By Ewen Callaway
This summer, Eritrea, Côte d’Ivoire and Niger will join a growing list of countries where infants receive a vaccine to prevent pneumonia, meningitis and other deadly diseases caused by the pneumococcus bacterium (Streptococcus pneumoniae). Pneumonia is a leading killer of young children in low-income countries; vaccinations from 2010 to the end of this year are estimated to have averted 500,000 deaths, according to the GAVI Alliance in Geneva, an international organization that facilitates vaccination.
Data from South Africa also point to another benefit of vaccination: stemming a rising tide of antibiotic resistance in the developing world. The country’s introduction of a pneumococcal conjugate vaccine (PCV) in 2009 has not only reduced the overall incidence of invasive pneumococcal disease by about two-thirds in infants (the age group vaccinated) and in adults, but has also reduced penicillin-resistant infections in both groups.
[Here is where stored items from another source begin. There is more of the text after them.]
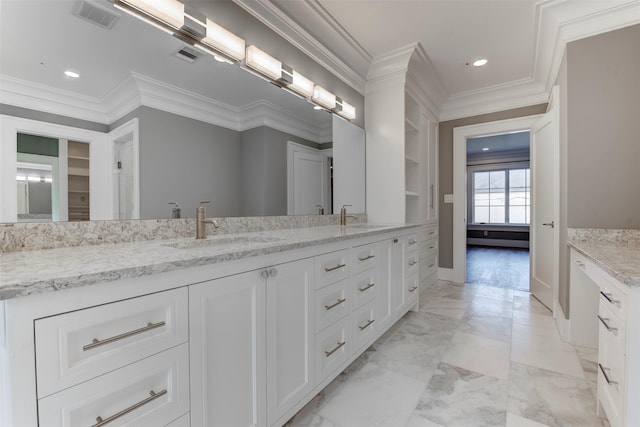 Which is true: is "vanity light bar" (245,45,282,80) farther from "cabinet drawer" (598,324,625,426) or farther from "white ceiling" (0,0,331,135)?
"cabinet drawer" (598,324,625,426)

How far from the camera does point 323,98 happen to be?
8.10ft

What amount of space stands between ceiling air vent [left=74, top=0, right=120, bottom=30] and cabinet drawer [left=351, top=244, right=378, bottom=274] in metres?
1.61

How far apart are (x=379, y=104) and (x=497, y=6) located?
1.20 metres

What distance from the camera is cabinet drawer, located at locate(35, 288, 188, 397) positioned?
64cm

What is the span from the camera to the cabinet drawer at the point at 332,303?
4.71 feet

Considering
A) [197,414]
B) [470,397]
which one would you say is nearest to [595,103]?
[470,397]

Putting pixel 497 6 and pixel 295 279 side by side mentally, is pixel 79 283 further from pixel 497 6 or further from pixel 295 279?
pixel 497 6

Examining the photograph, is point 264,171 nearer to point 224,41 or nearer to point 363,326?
point 224,41

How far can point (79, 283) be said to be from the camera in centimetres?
66

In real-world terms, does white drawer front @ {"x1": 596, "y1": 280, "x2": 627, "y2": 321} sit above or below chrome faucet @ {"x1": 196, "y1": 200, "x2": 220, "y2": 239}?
below

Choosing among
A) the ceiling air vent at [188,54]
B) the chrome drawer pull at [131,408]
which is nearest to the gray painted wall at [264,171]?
the ceiling air vent at [188,54]

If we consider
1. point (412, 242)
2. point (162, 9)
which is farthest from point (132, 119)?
point (412, 242)

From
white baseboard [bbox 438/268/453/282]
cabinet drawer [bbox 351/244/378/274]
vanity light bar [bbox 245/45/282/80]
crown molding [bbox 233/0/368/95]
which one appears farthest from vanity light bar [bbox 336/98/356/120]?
white baseboard [bbox 438/268/453/282]

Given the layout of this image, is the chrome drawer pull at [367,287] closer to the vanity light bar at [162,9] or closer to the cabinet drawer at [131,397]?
the cabinet drawer at [131,397] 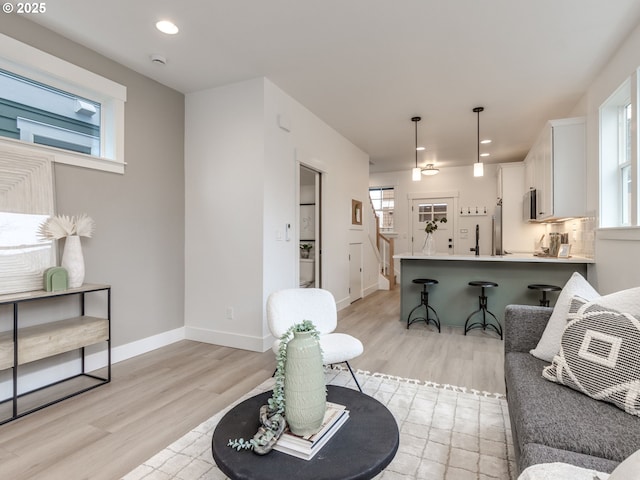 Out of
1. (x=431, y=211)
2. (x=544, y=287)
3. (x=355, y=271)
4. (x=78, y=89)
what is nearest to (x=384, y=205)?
(x=431, y=211)

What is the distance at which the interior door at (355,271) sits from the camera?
5.93m

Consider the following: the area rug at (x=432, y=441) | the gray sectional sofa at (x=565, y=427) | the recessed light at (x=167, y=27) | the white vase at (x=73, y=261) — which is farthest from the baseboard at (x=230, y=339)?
the recessed light at (x=167, y=27)

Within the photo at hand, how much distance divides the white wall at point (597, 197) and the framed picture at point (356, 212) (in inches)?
129

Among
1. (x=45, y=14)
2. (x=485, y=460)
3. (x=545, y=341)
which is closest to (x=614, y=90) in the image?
(x=545, y=341)

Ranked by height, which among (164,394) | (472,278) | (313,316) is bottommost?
(164,394)

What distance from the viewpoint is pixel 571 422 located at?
50.3 inches

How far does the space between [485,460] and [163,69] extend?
4.03m

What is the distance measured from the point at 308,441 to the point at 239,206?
2767mm

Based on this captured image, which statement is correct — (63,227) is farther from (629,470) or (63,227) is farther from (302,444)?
(629,470)

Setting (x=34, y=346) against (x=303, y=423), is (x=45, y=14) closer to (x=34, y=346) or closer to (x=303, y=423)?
(x=34, y=346)

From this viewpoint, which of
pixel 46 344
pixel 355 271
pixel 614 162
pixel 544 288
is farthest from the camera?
pixel 355 271

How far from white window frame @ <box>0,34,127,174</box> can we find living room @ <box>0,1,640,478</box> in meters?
0.08

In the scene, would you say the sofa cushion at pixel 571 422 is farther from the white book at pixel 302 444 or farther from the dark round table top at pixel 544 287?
the dark round table top at pixel 544 287

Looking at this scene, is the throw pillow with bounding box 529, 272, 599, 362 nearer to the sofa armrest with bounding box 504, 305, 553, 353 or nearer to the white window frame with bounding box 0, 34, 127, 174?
the sofa armrest with bounding box 504, 305, 553, 353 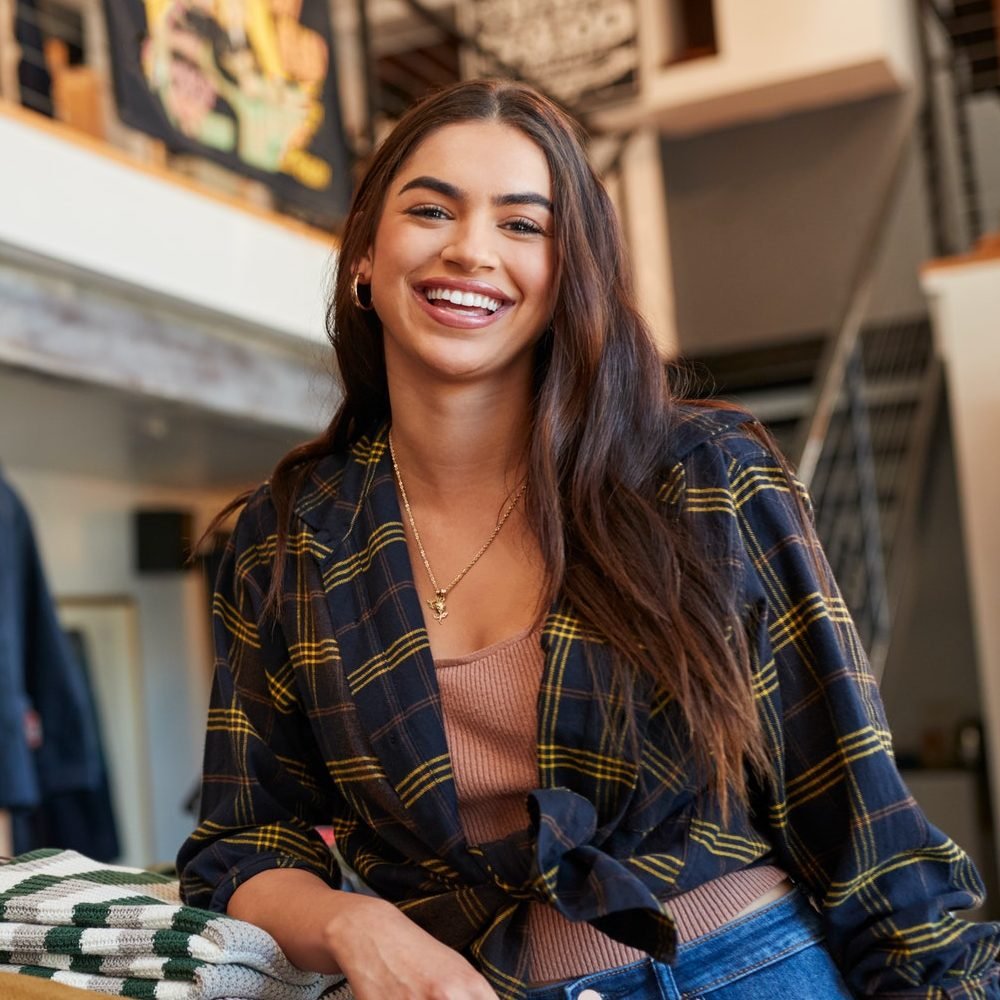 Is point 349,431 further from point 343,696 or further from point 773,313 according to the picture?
point 773,313

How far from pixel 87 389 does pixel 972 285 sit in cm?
344

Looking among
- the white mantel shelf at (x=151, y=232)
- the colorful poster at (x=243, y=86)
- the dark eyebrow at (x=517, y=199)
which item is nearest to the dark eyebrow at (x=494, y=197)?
the dark eyebrow at (x=517, y=199)

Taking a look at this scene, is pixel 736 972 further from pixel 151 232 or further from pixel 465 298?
pixel 151 232

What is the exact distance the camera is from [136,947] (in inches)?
45.5

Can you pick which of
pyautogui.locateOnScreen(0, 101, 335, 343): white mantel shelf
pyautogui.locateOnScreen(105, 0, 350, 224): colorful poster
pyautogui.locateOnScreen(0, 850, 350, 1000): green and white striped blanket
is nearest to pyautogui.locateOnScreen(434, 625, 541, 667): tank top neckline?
pyautogui.locateOnScreen(0, 850, 350, 1000): green and white striped blanket

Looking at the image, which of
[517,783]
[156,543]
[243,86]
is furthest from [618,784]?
[156,543]

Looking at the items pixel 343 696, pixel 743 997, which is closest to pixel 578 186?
pixel 343 696

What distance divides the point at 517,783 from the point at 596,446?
0.31m

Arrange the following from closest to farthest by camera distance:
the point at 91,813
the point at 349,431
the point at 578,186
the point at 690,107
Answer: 1. the point at 578,186
2. the point at 349,431
3. the point at 91,813
4. the point at 690,107

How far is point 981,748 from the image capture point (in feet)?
23.6

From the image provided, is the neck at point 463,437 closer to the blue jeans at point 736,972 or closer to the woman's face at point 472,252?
the woman's face at point 472,252

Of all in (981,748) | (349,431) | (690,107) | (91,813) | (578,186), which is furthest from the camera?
(690,107)

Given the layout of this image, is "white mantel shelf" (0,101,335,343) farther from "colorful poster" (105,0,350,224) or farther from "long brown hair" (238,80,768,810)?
"long brown hair" (238,80,768,810)

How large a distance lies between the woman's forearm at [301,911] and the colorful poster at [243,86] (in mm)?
3303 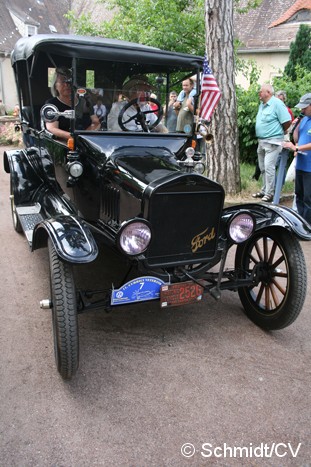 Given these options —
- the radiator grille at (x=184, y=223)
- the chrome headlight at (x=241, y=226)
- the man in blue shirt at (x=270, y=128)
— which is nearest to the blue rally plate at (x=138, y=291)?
the radiator grille at (x=184, y=223)

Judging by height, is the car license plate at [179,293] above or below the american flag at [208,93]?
below

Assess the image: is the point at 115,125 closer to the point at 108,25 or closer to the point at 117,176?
the point at 117,176

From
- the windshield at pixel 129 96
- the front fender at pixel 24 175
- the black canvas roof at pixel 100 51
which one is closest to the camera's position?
the black canvas roof at pixel 100 51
This is the first time such benefits have been observed outside the developed world. The data should spur public-health officials in low-income countries that have not yet adopted the vaccine to start using it, says Anne von Gottberg, a clinical microbiologist at the National Institute for Communicable Diseases in Johannesburg and leader of the study (see ‘Protecting children’). Her group has reported the results at conferences but they have not yet been published.
The problem of antibiotic resistance is particularly stark in low-income countries, where over-prescription and poor regulation combine with a higher disease burden and poor sanitation to increase the use of antimicrobial drugs. A recent survey by the World Health Organization found rates of resistance in Klebsiella pneumoniae as high as 54%. Reduced susceptibility of Streptococcus pneumoniae to penicillin was found worldwide, and topped 50% in some reports.
In North America, Europe and other well-off parts of the world, the introduction of pneumococcal vaccines in the early 2000s reduced cases of invasive pneumococcal disease by more than one-third in vaccinated children and in unvaccinated adults, who typically acquire infections from children. The vaccine also reduced the numbers of serious pneumococcal infections that were resistant to front-line antibiotics such as penicillin.